**Aim of the task**. A verbatim copy of the listing is what is needed, minus any pictures.

**Exercise data**.
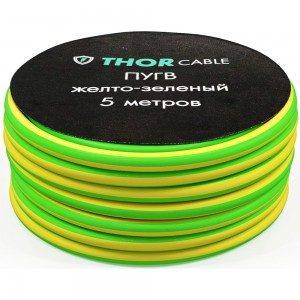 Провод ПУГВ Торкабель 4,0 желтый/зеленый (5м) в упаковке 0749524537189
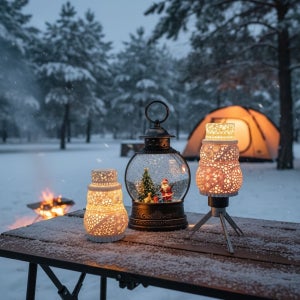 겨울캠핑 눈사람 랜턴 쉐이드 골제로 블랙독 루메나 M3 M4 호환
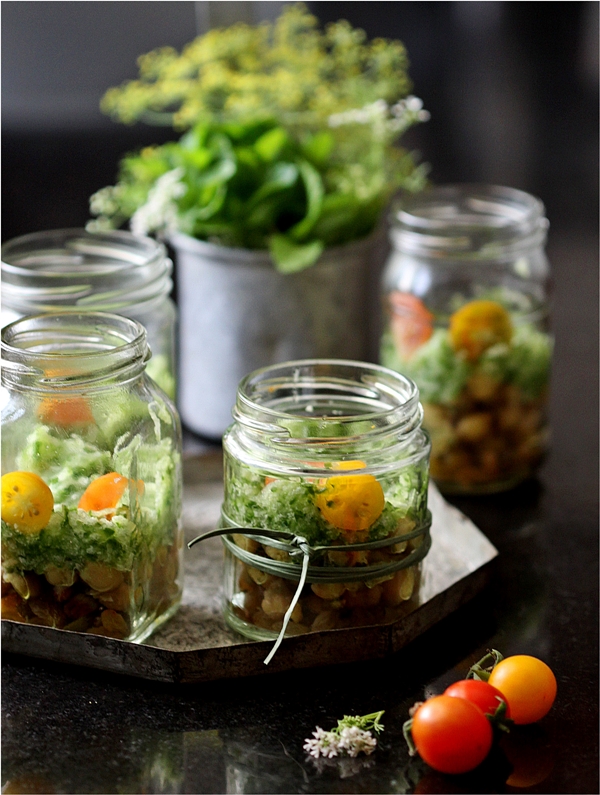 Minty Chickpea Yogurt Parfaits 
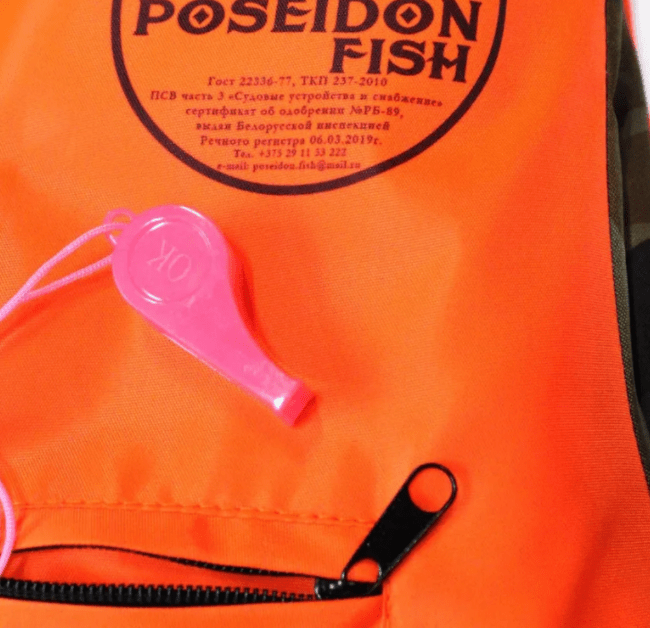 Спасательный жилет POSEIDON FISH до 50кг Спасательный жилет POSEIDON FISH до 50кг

**Result of the exercise**.
 Провод ПУГВ Торкабель 4,0 желтый/зеленый (5м) в упаковке 0749524537189
 겨울캠핑 눈사람 랜턴 쉐이드 골제로 블랙독 루메나 M3 M4 호환
 Minty Chickpea Yogurt Parfaits 
 Спасательный жилет POSEIDON FISH до 50кг Спасательный жилет POSEIDON FISH до 50кг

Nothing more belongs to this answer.